Sir, we wish to see Jesus

“Sir, we wish to see Jesus.” These words were spoken to the Apostle Philip by some Greeks that had come to worship. There were desirous of meeting Jesus and so Philip went off and told Jesus about the request. Asking to see Jesus was not an unusual request, and I am sure that as Jesus fame increased around the area, more people had this same request, but, when people are desirous to see Jesus are they genuinely interested in what that means.

When people ask to see Jesus, more often than not, it is a Jesus of their construct rather than the Jesus of history or reality.  Jesus says in John 12 “Whoever serves me must follow me, and where I am, there will my servant be also.” So if you want to see Jesus you must follow him and follow him means to imitate him and to imitate him means to serve those he served, the least among us.

Far too often people have a personal image of Jesus that fits their narrative. Jesus fed the hungry, clothed the naked, visited the sick, was concerned about the stranger, took on the political and religious authorities of his day and called out hypocrisy when necessary. Jesus did not sit on the sidelines and complain about things nor did he make fun of those trying to make a difference in their world. Jesus got busy trying to bring a little bit of heaven to earth despite those around him.

When we make the bold claim that we “want to see Jesus” we have to be ready for what comes with that request. We must be prepared to die to ourselves and live for him. We must be ready to throw off the old man and take on a new one. We must be ready to have our hearts of stone turned into hearts of flesh. We must to ready to love those around us regardless of their color or national origin. The bottom line is if we genuinely want to see Jesus we have to transform.

If we want to see Jesus, then all we need to do is look into the eyes of another human being. If we are not able to see Jesus in them, we have no hope of seeing Jesus, ever.

But there will be a stench

Jesus said, “Take away the stone.” Martha, the sister of him who was dead, said to Him, “Lord, by this time there is a stench, for he has been dead four days.” (John 11:39 NKJV)

In the family of Lazarus, his sisters were very different.  Martha was outspoken, and Mary was the one working behind the scenes to make sure everything was ready. Lazarus was dead, and the sisters heard that Jesus was on the way to see them.  Martha runs from the house to confront Jesus and to tell him that if he had been there, her brother would not have died.  Mary, on the other hand, remains at home, with those who were there to mourn Lazarus and serve.

This story was a turning point in the ministry of Jesus. Very often, when Jesus performed a miracle, he told folks not to say anything about it, very rarely did they listen to him. But this miracle, giving life back to lifelessness, was done in broad daylight under the very nose of the authorities and this frightened them, and they began to plot not only against Jesus but Lazarus.

But my focus is not on the miracle itself but the reaction of Mary and Martha in relation to life in the church today.

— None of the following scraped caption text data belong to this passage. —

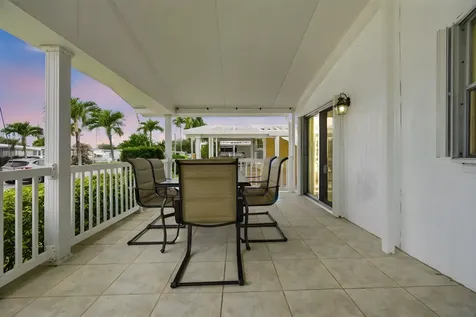 2421 SW 53rd Street Fort Lauderdale FL 33312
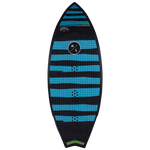 HYPERLITE BROADCAST WAKESURFER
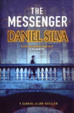 Cover of The Messenger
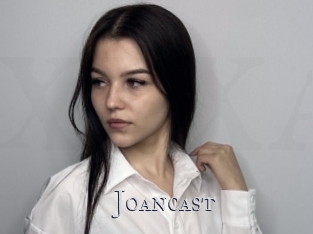 Joancast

Every church has Mary’s and Martha’s. Every church has those who work quietly behind the scenes, and every church has those who are out front advocating. And, as in this story, every church has those who like to assign blame when things go wrong. And every church has people who are afraid to roll the stone away because there will be a stench.

When Jesus arrives at the tomb where Lazarus has been placed, he commands that the stone is removed.  Martha objects because, as the New King James Version puts it, “there will be a stench.”  Martha is more concerned about the stench that will come from the tomb, and that blocks her from seeing the miracle that is about to take place.

Many times, in church work, we do the same thing.

I have written before about my feeling on how the church needs to adapt to every age. If the church is to remain relevant in the lives of the people she aims to serve then she needs to be concerned about issues that concern them, in other words, we as church leaders need to listen and engage, the culture around the church. We need to adapt to survive, and yes, adapt means change.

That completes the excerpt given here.